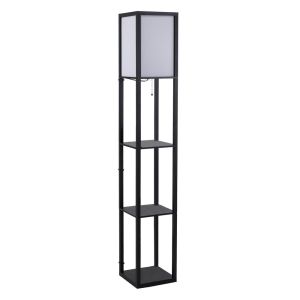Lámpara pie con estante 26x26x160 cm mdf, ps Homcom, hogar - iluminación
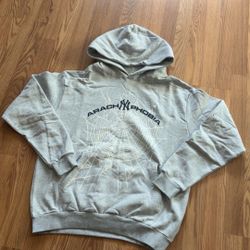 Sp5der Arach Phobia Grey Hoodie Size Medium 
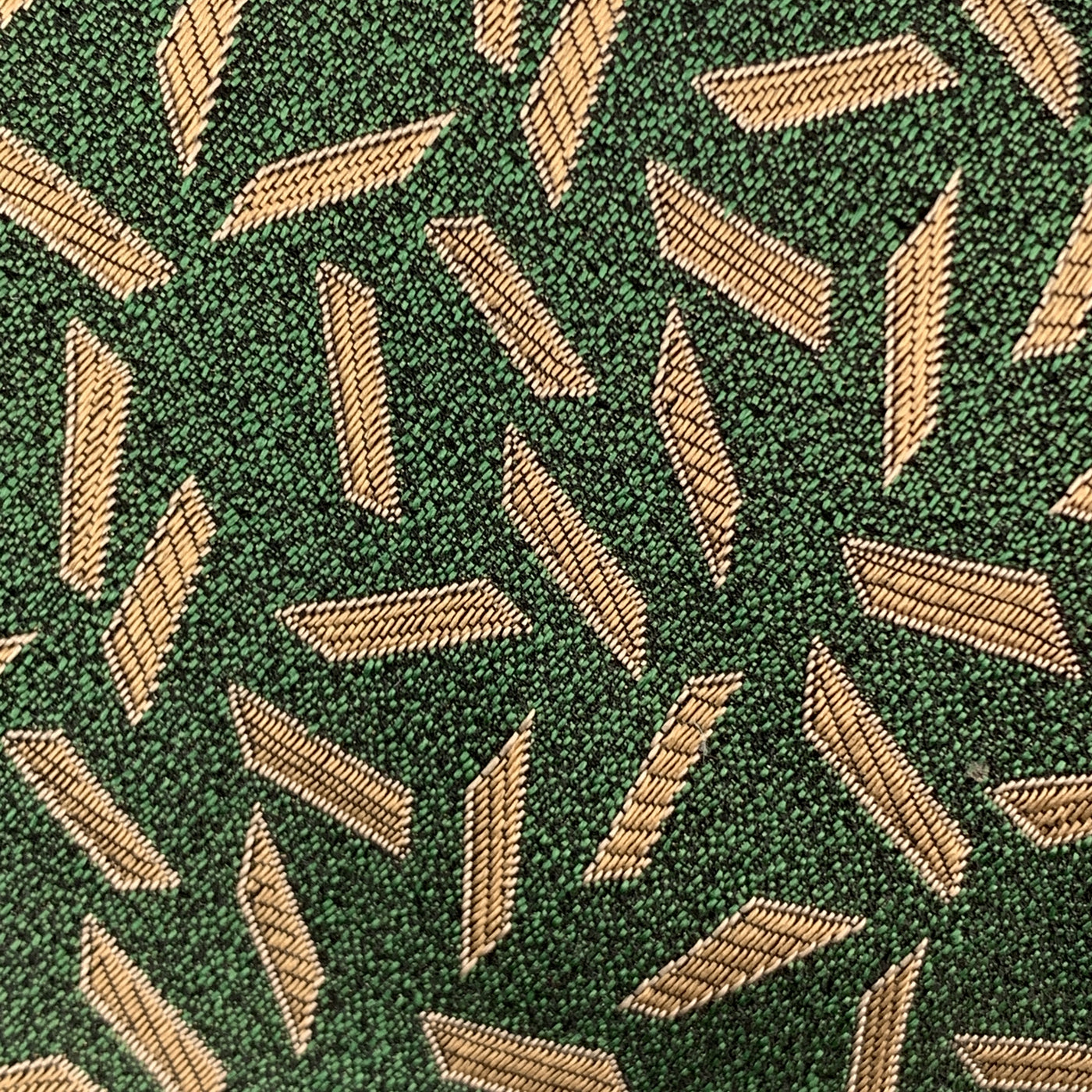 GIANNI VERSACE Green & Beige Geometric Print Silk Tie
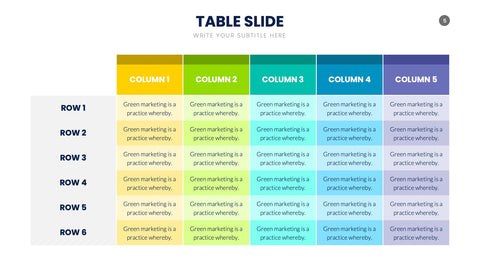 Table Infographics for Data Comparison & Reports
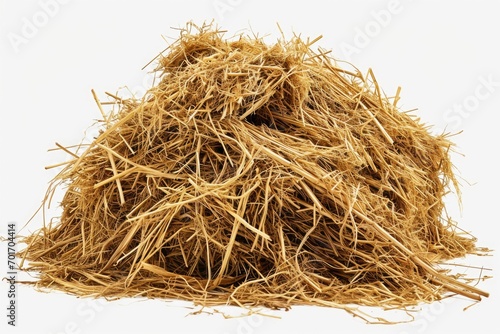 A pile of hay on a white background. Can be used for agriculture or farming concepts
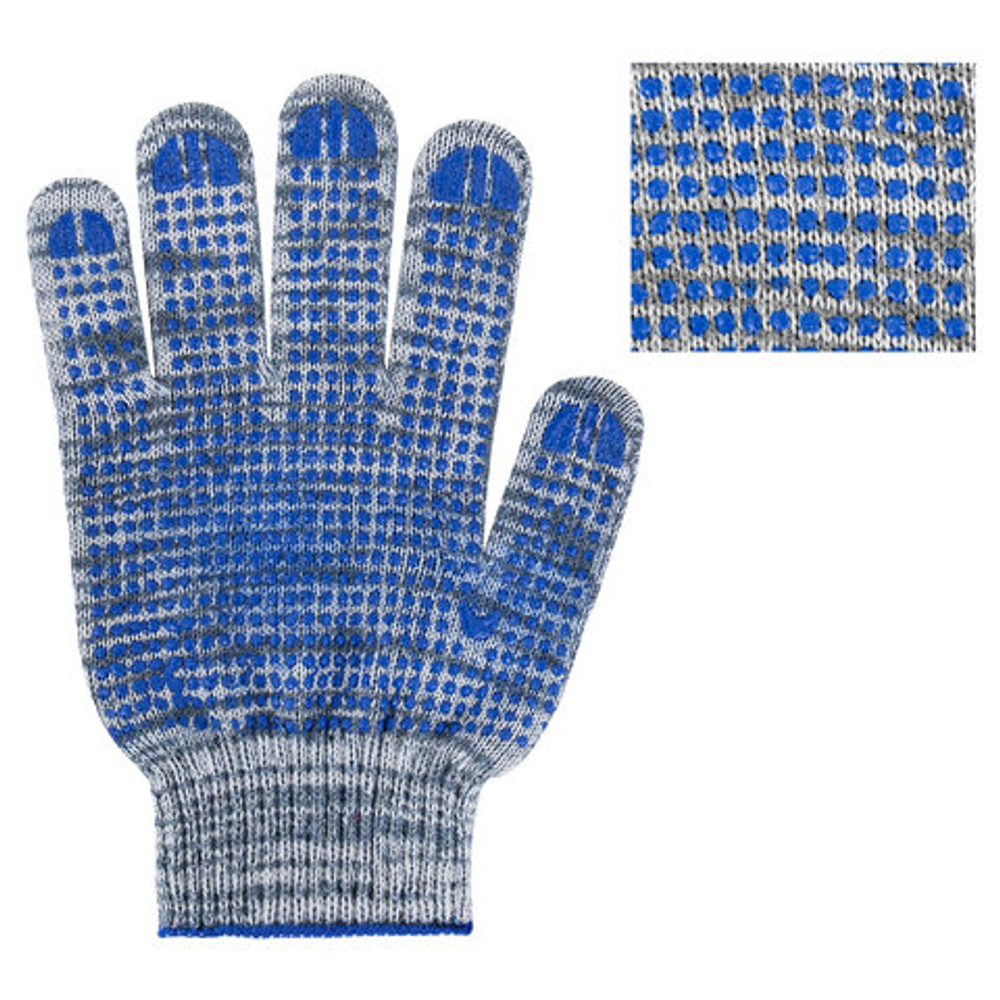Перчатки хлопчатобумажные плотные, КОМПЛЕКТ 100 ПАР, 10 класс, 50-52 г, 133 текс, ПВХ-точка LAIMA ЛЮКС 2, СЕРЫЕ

...

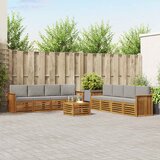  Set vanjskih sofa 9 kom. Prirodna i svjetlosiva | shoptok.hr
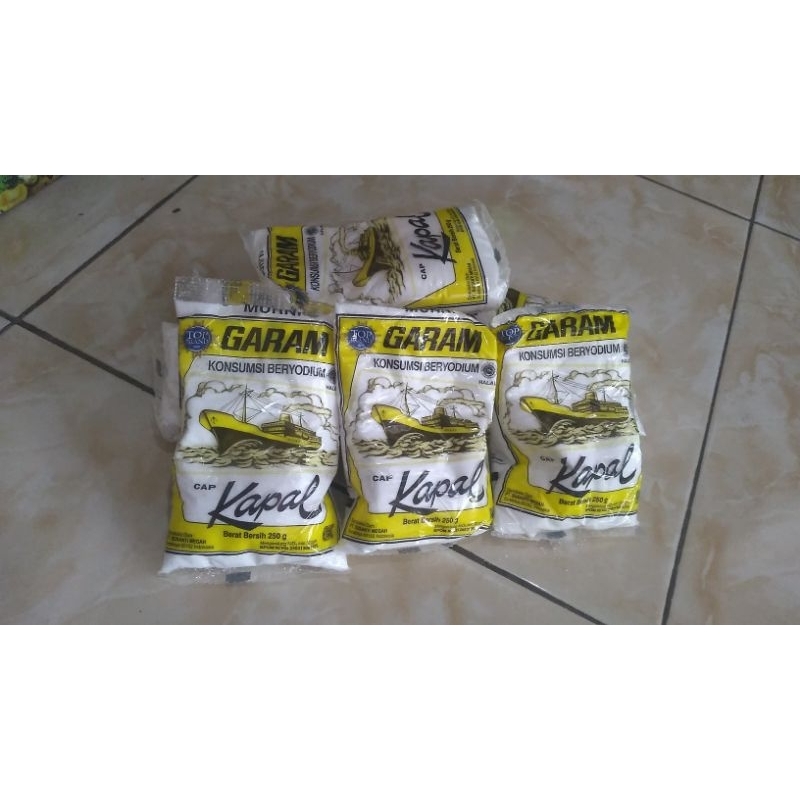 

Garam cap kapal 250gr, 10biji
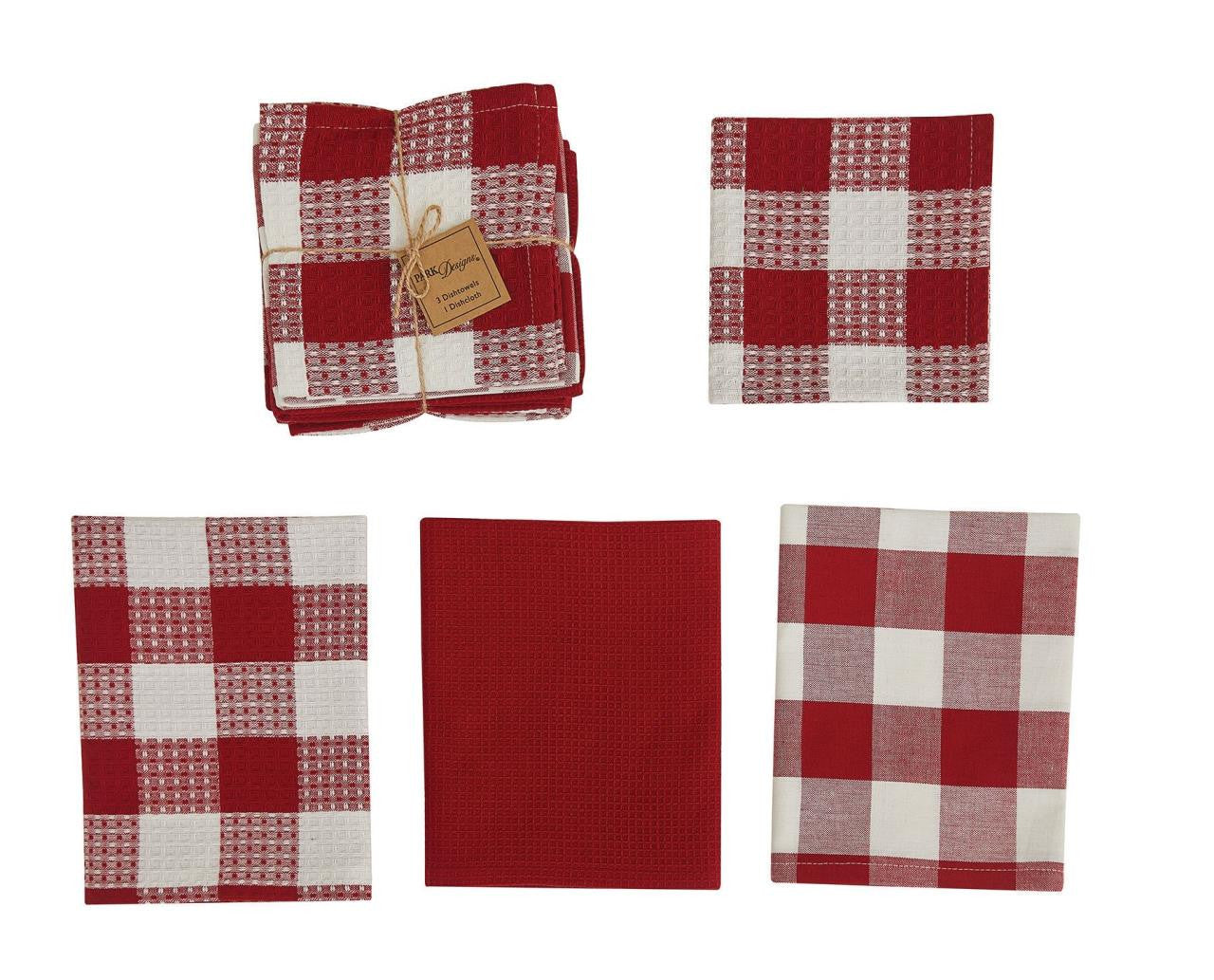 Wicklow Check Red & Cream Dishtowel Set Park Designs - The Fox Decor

* * *

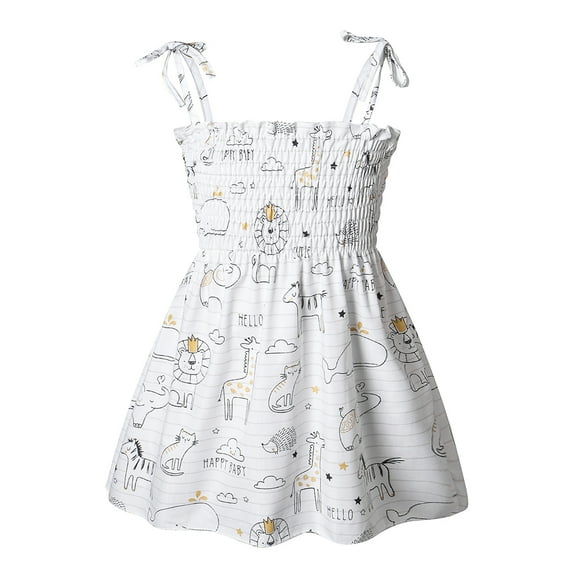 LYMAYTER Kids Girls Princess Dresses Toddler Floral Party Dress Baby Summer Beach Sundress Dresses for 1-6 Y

#### INSTRUCTIONS FOR THE TASK
Word for word, write out the lines above running from the one with "Set vanjskih sofa" up to and including the one with "Wicklow Check Red". Drop any picture.

#### RESULT FOR THIS TASK
  Set vanjskih sofa 9 kom. Prirodna i svjetlosiva | shoptok.hr

Garam cap kapal 250gr, 10biji
 Wicklow Check Red & Cream Dishtowel Set Park Designs - The Fox Decor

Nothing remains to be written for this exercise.